Il voto all’ex caserma Falletta
L’assemblea apre i lavori a partire dalle ore 11:00 negli spazi dell’ex caserma Falletta, in via dello Spirito Santo 35. Il luogo non è casuale: uno spazio che porta con sé memorie di un’altra Palermo e che oggi si riapre alla città come sede di confronto civile e plurale.
A presiedere i lavori è Fabrizio Ferrandelli, assessore comunale ai Rapporti con le comunità migranti. All’assemblea partecipano anche la U.O. Casa dei diritti e la Presidenza del Consiglio comunale della città di Palermo, a sottolineare il carattere istituzionale e il valore politico di questo organismo.
Dalla Zisa a via dello Spirito Santo
Quella di domenica è la seconda assemblea del Forum permanente delle culture. La prima seduta di insediamento si era svolta il 9 aprile scorso ai Cantieri culturali alla Zisa, segnando l’avvio formale di un percorso che il Comune di Palermo ha voluto costruire con metodo e partecipazione dal basso.
Con l’elezione di presidente e vice presidente, il Forum completa la propria struttura di rappresentanza e acquisisce gli strumenti per operare concretamente come organo consultivo dell’amministrazione su temi legati alla convivenza, all’integrazione e alla tutela dei diritti.
Dopo il voto, la convivialità
La giornata non si chiude con lo spoglio. Al termine delle operazioni di voto, l’assemblea apre le porte a uno scambio interculturale e conviviale: i componenti presentano le attività delle comunità di riferimento, trasformando l’ex caserma Falletta in un piccolo atlante delle culture che vivono e lavorano a Palermo.

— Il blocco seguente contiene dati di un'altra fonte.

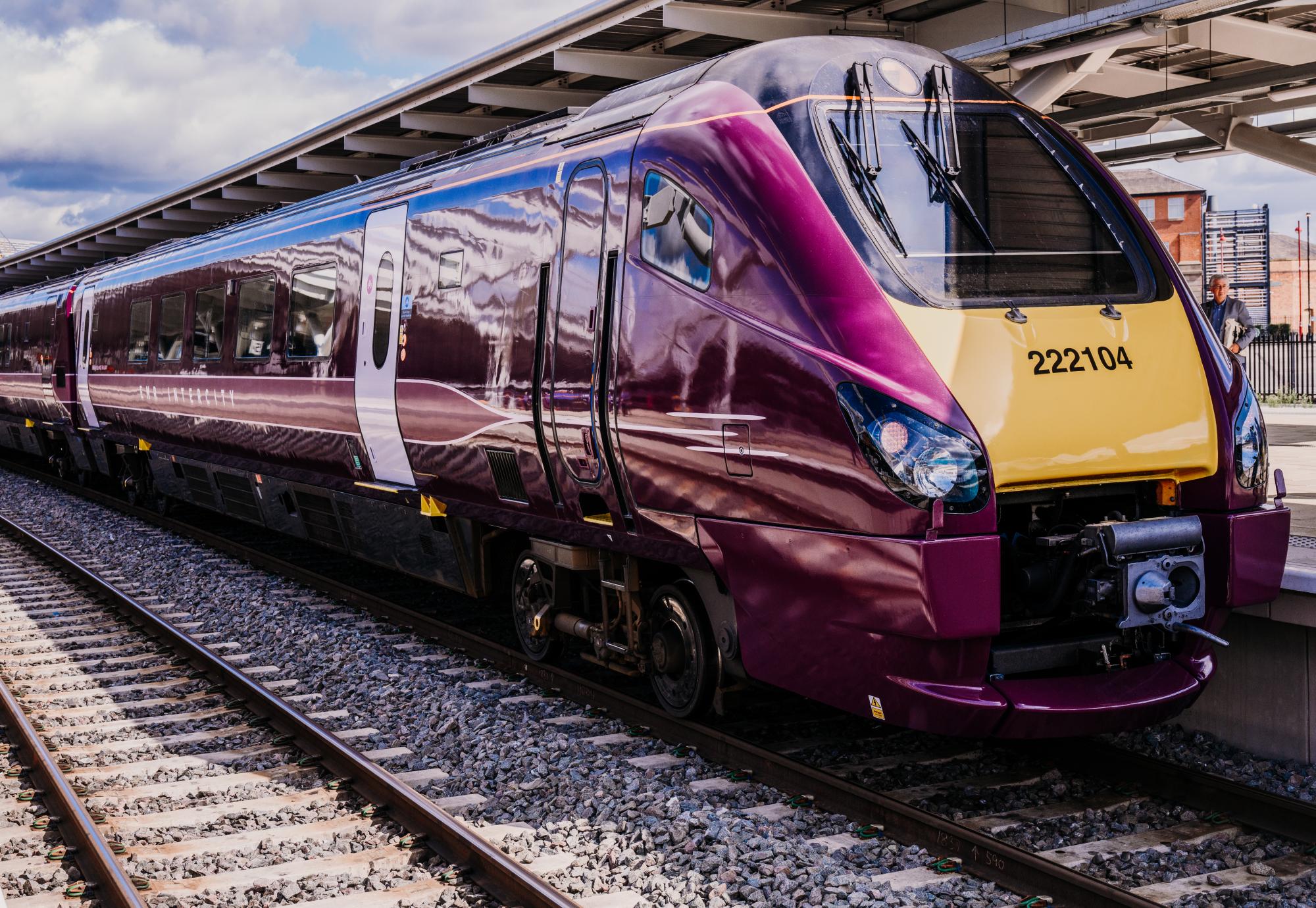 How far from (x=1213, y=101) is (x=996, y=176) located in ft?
25.6

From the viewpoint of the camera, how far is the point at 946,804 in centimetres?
529

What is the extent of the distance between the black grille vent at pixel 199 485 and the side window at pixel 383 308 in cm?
512

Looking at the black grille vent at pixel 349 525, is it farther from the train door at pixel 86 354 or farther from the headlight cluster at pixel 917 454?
the train door at pixel 86 354

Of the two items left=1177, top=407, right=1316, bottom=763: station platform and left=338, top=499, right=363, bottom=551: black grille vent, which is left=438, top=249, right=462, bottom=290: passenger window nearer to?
left=338, top=499, right=363, bottom=551: black grille vent

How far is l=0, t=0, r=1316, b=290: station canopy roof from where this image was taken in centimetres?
874

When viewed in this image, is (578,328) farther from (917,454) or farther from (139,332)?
(139,332)

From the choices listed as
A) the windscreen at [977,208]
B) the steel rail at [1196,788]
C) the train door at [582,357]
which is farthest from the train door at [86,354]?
the steel rail at [1196,788]

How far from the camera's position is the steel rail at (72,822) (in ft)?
15.2

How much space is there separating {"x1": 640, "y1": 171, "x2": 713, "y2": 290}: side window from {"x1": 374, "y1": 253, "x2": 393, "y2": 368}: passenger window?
10.2ft

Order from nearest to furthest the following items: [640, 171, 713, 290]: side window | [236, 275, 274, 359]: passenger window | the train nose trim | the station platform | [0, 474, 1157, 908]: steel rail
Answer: [0, 474, 1157, 908]: steel rail
the train nose trim
[640, 171, 713, 290]: side window
the station platform
[236, 275, 274, 359]: passenger window

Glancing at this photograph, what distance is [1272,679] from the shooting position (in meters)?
5.85

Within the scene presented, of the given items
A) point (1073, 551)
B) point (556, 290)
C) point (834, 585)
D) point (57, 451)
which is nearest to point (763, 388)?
point (834, 585)

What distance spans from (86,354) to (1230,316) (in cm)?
1363

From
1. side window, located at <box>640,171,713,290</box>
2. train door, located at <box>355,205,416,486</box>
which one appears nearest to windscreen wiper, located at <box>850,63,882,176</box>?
side window, located at <box>640,171,713,290</box> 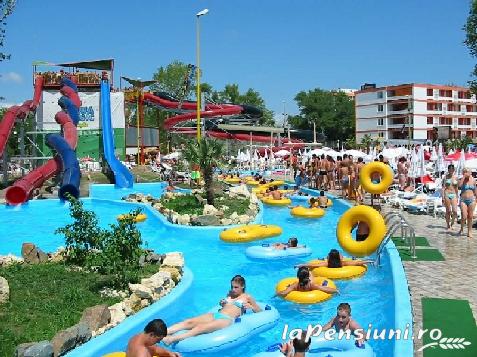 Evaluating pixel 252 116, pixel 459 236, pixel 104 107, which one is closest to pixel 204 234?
pixel 459 236

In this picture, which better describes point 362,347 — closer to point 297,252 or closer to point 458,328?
point 458,328

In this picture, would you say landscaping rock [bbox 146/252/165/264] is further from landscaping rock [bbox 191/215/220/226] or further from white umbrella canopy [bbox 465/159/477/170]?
white umbrella canopy [bbox 465/159/477/170]

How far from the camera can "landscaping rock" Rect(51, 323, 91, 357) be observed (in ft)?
18.4

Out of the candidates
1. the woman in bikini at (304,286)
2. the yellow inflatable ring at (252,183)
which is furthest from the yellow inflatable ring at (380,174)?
the yellow inflatable ring at (252,183)

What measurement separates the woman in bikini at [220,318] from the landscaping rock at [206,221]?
693 centimetres

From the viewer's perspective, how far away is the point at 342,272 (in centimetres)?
877

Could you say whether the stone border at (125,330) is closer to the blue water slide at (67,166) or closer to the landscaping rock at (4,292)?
the landscaping rock at (4,292)

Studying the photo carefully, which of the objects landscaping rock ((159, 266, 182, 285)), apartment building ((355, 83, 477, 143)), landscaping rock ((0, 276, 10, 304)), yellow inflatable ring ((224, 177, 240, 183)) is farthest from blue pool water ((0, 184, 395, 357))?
apartment building ((355, 83, 477, 143))

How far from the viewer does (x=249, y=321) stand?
6.81 m

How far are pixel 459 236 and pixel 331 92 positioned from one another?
226ft

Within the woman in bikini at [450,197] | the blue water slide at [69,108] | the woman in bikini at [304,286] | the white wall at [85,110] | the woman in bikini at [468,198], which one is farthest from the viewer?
the white wall at [85,110]

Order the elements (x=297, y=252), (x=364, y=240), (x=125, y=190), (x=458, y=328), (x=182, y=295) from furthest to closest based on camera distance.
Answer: (x=125, y=190) < (x=297, y=252) < (x=364, y=240) < (x=182, y=295) < (x=458, y=328)

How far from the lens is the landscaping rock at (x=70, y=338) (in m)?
5.60

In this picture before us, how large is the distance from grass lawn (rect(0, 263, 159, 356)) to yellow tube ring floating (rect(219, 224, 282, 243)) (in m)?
3.52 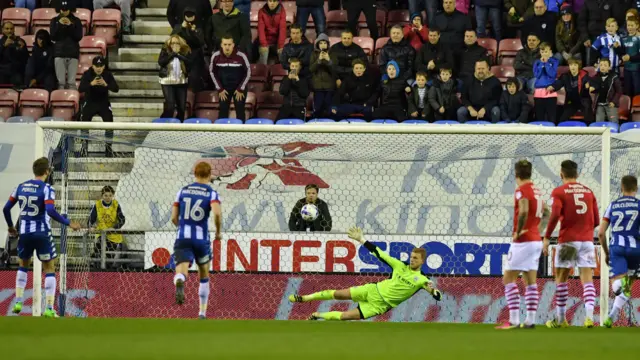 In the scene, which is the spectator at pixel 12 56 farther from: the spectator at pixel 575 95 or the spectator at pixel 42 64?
the spectator at pixel 575 95

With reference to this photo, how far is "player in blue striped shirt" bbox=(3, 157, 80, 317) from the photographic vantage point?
1364 cm

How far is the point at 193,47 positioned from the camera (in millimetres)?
18906

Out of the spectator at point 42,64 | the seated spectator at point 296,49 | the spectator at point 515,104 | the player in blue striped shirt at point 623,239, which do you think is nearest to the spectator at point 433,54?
the spectator at point 515,104

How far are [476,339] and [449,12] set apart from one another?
1023cm

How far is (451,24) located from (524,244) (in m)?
8.13

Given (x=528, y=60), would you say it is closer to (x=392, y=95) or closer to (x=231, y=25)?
(x=392, y=95)

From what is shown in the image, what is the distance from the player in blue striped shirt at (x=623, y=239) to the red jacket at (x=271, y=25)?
26.3 ft

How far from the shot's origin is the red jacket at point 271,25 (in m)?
19.5

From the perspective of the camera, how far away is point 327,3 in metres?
20.8

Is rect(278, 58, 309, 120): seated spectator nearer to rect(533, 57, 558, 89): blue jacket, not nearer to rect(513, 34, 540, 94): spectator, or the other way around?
rect(513, 34, 540, 94): spectator

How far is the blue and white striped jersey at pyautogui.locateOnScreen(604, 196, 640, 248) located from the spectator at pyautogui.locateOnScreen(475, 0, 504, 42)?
7.14 metres

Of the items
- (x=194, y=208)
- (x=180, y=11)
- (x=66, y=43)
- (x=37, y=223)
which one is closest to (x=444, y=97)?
(x=180, y=11)

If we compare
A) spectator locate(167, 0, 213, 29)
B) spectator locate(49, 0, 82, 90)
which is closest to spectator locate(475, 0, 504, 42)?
spectator locate(167, 0, 213, 29)

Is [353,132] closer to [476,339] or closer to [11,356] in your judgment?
[476,339] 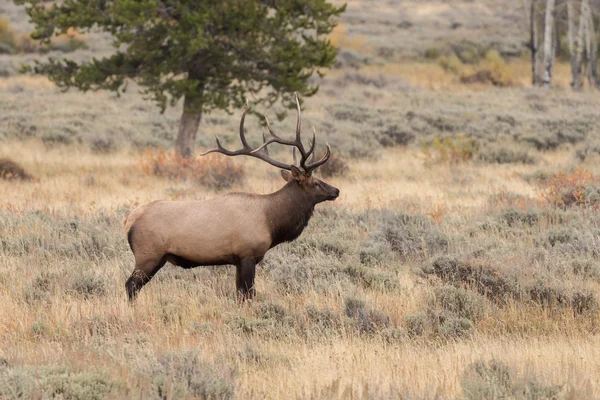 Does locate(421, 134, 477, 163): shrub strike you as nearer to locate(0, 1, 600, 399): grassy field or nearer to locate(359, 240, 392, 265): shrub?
locate(0, 1, 600, 399): grassy field

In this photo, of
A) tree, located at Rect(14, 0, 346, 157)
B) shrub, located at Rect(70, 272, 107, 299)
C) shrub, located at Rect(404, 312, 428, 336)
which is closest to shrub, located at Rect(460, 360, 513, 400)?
shrub, located at Rect(404, 312, 428, 336)

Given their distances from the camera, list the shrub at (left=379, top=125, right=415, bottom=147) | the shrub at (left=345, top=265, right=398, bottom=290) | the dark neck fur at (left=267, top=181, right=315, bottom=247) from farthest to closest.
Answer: the shrub at (left=379, top=125, right=415, bottom=147), the shrub at (left=345, top=265, right=398, bottom=290), the dark neck fur at (left=267, top=181, right=315, bottom=247)

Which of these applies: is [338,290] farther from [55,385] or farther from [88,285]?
[55,385]

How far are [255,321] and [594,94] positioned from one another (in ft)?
95.0

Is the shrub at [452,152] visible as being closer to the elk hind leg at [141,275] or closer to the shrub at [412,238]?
the shrub at [412,238]

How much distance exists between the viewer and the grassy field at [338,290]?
4.65 meters

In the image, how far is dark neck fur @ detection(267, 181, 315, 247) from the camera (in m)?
6.92

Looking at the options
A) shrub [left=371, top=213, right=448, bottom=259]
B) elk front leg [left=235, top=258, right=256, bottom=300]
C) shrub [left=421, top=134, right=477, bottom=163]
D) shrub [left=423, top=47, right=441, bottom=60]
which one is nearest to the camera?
elk front leg [left=235, top=258, right=256, bottom=300]

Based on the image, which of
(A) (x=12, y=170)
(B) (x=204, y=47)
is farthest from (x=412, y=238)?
(A) (x=12, y=170)

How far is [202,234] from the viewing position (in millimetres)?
6543

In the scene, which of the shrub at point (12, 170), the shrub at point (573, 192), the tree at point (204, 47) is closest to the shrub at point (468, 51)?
the tree at point (204, 47)

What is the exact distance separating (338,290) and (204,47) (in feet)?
27.2

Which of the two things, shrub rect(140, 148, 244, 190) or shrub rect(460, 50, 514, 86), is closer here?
shrub rect(140, 148, 244, 190)

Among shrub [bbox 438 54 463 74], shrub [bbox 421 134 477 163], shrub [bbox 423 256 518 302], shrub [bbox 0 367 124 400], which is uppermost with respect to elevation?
shrub [bbox 0 367 124 400]
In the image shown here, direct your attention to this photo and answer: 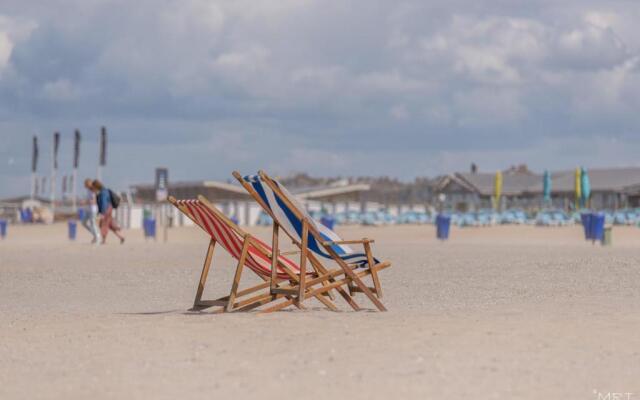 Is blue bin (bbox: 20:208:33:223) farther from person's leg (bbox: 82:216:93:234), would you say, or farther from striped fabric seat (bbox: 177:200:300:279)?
striped fabric seat (bbox: 177:200:300:279)

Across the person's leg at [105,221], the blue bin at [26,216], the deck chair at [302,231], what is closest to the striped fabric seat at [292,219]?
the deck chair at [302,231]

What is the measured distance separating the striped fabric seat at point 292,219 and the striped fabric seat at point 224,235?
33 centimetres

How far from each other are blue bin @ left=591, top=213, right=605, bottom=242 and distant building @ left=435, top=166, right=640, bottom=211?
36.3 m

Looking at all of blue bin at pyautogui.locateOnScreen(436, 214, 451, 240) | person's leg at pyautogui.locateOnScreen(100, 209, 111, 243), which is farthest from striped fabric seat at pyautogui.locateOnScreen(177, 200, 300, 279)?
blue bin at pyautogui.locateOnScreen(436, 214, 451, 240)

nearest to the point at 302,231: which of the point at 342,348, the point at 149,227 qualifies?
the point at 342,348

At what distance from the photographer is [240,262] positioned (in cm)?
870

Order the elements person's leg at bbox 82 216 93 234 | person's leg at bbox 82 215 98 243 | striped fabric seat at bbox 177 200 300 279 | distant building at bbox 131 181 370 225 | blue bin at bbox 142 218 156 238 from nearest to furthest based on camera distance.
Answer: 1. striped fabric seat at bbox 177 200 300 279
2. person's leg at bbox 82 215 98 243
3. person's leg at bbox 82 216 93 234
4. blue bin at bbox 142 218 156 238
5. distant building at bbox 131 181 370 225

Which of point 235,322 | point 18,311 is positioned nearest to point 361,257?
point 235,322

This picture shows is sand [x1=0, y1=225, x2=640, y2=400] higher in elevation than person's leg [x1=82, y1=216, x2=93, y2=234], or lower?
lower

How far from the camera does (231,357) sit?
641cm

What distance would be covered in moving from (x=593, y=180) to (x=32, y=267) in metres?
52.7

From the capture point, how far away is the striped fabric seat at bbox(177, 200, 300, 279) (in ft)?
29.0

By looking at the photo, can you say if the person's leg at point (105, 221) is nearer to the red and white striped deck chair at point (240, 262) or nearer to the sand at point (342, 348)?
the sand at point (342, 348)

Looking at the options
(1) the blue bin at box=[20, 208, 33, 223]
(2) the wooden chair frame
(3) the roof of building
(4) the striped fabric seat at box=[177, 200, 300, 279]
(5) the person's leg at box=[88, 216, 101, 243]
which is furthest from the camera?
(3) the roof of building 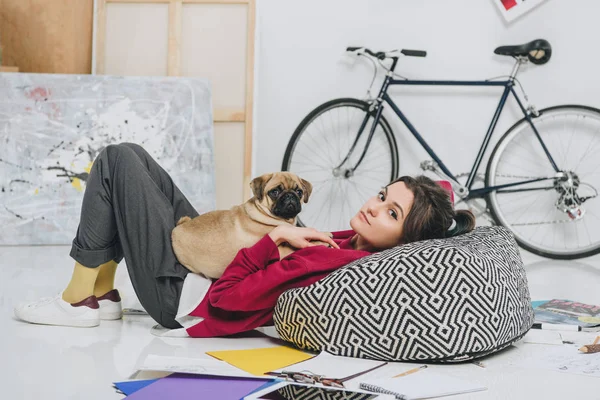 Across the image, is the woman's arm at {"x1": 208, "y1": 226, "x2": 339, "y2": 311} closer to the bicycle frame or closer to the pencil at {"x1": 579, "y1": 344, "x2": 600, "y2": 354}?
the pencil at {"x1": 579, "y1": 344, "x2": 600, "y2": 354}

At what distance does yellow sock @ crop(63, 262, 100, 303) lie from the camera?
202cm

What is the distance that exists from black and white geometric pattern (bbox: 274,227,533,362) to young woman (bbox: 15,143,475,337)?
10cm

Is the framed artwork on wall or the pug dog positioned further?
the framed artwork on wall

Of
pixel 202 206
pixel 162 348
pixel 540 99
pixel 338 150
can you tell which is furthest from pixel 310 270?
pixel 540 99

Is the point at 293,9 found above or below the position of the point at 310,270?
above

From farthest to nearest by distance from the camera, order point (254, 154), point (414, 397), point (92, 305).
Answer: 1. point (254, 154)
2. point (92, 305)
3. point (414, 397)

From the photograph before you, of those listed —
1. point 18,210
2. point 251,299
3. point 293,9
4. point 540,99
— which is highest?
point 293,9

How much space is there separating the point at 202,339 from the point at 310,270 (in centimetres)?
Answer: 37

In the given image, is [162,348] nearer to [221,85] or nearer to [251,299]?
[251,299]

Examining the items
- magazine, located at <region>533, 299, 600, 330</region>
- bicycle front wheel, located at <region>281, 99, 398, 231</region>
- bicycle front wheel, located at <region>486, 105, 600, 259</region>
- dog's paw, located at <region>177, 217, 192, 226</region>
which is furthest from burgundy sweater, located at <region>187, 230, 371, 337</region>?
bicycle front wheel, located at <region>486, 105, 600, 259</region>

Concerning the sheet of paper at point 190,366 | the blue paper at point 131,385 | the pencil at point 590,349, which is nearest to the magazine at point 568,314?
the pencil at point 590,349

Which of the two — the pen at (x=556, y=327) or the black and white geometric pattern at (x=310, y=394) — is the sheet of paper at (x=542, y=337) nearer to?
the pen at (x=556, y=327)

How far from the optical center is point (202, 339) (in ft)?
6.36

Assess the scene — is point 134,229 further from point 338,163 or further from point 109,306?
point 338,163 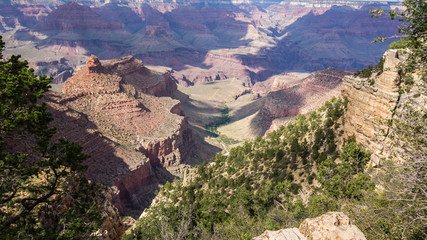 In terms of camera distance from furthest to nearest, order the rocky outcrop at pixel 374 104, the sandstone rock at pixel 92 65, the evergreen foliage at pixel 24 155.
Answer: the sandstone rock at pixel 92 65 → the rocky outcrop at pixel 374 104 → the evergreen foliage at pixel 24 155

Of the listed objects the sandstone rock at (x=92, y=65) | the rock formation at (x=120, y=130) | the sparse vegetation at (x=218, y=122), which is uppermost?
the sandstone rock at (x=92, y=65)

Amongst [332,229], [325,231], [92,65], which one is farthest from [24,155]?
[92,65]

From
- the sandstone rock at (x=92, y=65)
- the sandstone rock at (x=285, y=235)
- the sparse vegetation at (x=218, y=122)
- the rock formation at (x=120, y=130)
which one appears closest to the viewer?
the sandstone rock at (x=285, y=235)

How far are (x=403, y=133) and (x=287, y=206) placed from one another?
1148 cm

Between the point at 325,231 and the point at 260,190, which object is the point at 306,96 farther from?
the point at 325,231

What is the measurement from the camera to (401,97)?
55.7ft

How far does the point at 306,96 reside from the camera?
3233 inches

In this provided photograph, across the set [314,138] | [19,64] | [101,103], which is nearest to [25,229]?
[19,64]

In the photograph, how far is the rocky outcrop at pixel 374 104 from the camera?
696 inches

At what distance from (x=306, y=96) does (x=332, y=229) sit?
77852 millimetres

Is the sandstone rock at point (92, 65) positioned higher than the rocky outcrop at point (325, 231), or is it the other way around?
Result: the rocky outcrop at point (325, 231)

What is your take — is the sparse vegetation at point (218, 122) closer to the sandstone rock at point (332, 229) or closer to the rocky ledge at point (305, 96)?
the rocky ledge at point (305, 96)

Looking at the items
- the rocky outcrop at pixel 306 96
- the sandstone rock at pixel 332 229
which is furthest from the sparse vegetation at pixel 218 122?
the sandstone rock at pixel 332 229

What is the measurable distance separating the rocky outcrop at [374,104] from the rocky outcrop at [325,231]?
8363 mm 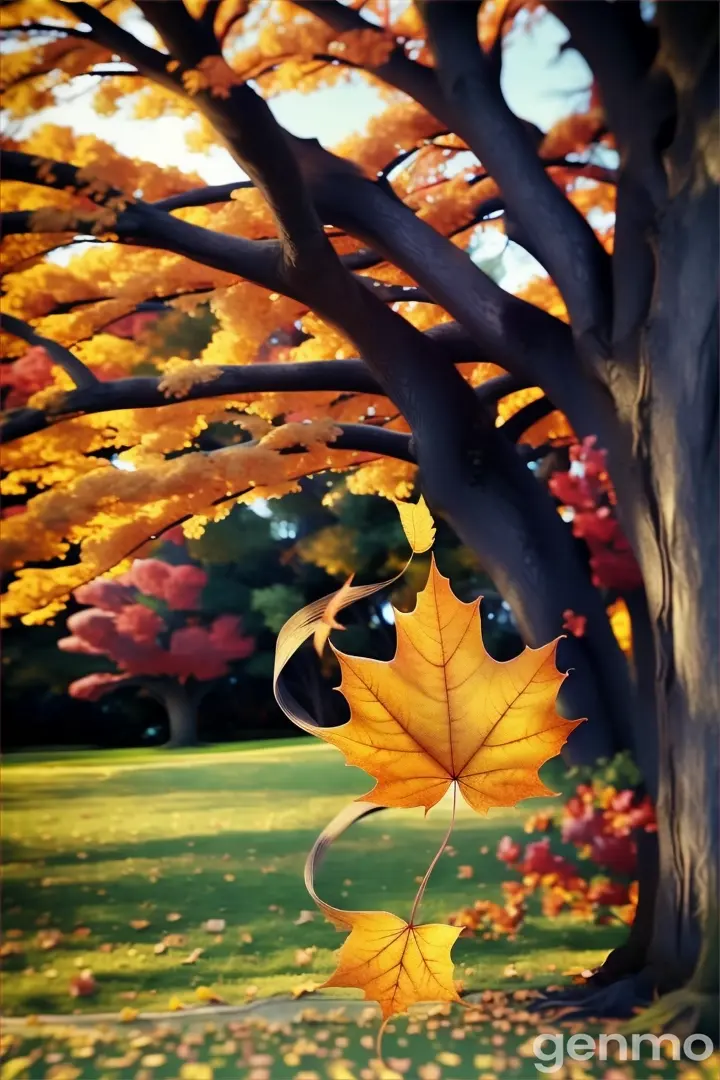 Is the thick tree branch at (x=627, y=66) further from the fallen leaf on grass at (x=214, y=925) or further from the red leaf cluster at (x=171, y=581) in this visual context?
the fallen leaf on grass at (x=214, y=925)

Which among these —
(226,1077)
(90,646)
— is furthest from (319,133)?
(226,1077)

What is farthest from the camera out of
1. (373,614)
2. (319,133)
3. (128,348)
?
(128,348)

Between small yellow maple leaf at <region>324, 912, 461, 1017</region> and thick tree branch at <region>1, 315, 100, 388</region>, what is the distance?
3.87 ft

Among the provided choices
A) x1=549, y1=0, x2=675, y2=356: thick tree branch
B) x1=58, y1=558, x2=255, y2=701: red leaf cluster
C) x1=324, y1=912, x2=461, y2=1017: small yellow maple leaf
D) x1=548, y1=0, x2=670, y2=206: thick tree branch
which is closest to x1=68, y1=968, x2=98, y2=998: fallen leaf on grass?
x1=58, y1=558, x2=255, y2=701: red leaf cluster

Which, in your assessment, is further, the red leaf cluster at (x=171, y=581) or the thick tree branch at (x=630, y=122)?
the red leaf cluster at (x=171, y=581)

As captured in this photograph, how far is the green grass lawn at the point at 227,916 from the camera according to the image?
1.49m

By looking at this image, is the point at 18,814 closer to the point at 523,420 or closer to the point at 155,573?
the point at 155,573

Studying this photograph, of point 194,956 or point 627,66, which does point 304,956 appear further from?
point 627,66

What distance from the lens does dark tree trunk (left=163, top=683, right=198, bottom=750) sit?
164 centimetres

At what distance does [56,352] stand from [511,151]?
926 mm

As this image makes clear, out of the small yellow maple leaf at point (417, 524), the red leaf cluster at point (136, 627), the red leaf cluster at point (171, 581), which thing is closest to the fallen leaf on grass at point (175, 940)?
the red leaf cluster at point (136, 627)

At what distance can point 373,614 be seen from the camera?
→ 142 centimetres

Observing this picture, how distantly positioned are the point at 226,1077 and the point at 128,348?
1.31 metres

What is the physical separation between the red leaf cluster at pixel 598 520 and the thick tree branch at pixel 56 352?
0.91 m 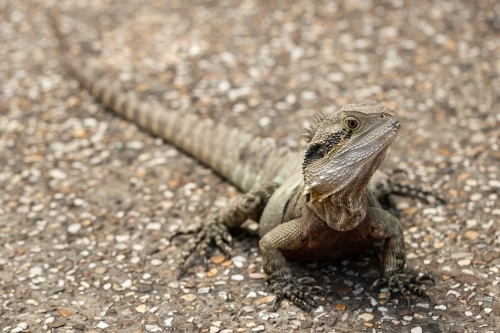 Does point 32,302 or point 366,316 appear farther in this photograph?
point 32,302

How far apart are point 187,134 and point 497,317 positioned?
2824 mm

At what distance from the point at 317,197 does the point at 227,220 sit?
105 cm

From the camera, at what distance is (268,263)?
3.87 m

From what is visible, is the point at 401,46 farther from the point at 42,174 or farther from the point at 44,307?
the point at 44,307

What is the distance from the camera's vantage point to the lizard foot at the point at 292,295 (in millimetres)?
3760

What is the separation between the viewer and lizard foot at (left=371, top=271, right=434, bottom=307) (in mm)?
3754

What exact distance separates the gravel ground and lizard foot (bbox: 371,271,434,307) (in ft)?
0.19

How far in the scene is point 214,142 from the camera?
5.18 m

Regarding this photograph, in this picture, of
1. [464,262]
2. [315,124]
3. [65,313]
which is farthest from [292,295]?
[65,313]

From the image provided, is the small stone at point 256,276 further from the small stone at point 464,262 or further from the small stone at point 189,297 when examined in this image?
the small stone at point 464,262

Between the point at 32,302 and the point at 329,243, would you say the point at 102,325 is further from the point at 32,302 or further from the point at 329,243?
the point at 329,243

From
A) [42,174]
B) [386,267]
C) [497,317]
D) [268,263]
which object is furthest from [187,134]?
[497,317]

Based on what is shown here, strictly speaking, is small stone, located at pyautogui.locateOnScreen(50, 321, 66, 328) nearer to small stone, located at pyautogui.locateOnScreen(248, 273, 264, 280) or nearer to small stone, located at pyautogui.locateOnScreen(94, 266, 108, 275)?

Un gesto semplice e significativo: dopo aver scelto la propria leadership, il Forum si racconta alla città.
Un processo partecipativo che parte dai margini per arrivare al centro delle politiche comunali. Palermo, città di passaggio e di radici intrecciate, continua a costruire gli strumenti per governare la propria complessità — non nonostante le differenze, ma attraverso di esse.